USPTO Uses Machine Learning to Classify Patent Applications
The U.S. Patent and Trademark Office has turned to machine learning techniques to streamline the assignment of patent applications to examiners, according to a top official at the office.
USPTO Chief Information Officer Jamie Holcombe said the agency asked Google to train its top engineers on machine learning and TensorFlow application programming interfaces, FedScoop reported Wednesday.
TensorFlow is an open-source software library that can be used to train and inference deep neural networks, among other applications.
“We immersed them in the culture, and they got Googly,” Holcombe said during an event hosted by the American Council for Technology and Industry Advisory Council.
Holcombe said patent examiners were trained to use TensorFlow feedback loops to evaluate how effective machine learning algorithms are for classifying patent applications.
He said USPTO is still in the early stages of integrating machine learning and robotic process automation technologies into its patent and trademark processes.
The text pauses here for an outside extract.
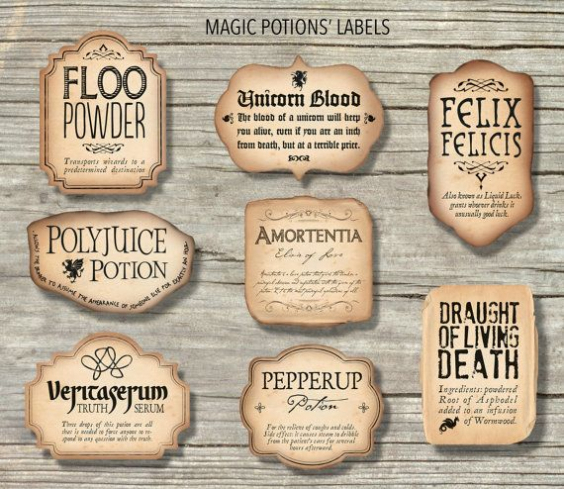 Harry Potter Inspired Magic Potions Labels / Printable Files for Harry ...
The agency is already using the technologies for clerical and administrative processes.
USPTO joins a growing list of federal civilian and defense agencies tapping into the potential of machine learning. In September 2020, the Department of Homeland Security announced that it is exploring how AI and machine learning can support the Transportation Security Agency‘s mission to protect the American air transportation system.
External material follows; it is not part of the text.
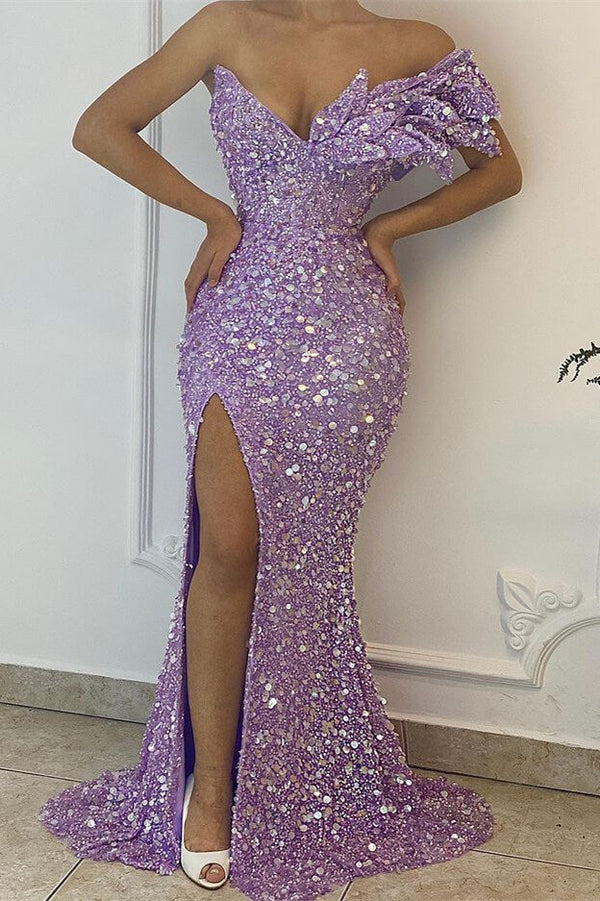 Pretty Lilac V-Neck Off-The-Shoulder Mermaid Prom Dress UK-ballbellauk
Specifically, the DHS Science and Technology Directorate’s Transportation Security Laboratory began evaluating the use of machine learning in improving the detection of concealed threats on passengers and their personal property.
The Department of Defense’s Joint Artificial Intelligence Center and Defense Innovation Unit are also developing machine learning prototypes that can automatically resolve complicated financial and accounting errors.
Rachael Martin, mission director of JAIC’s Business Process Transformation Mission Initiative, said the effort marks the first time the Pentagon turned to machine learning for financial judgment.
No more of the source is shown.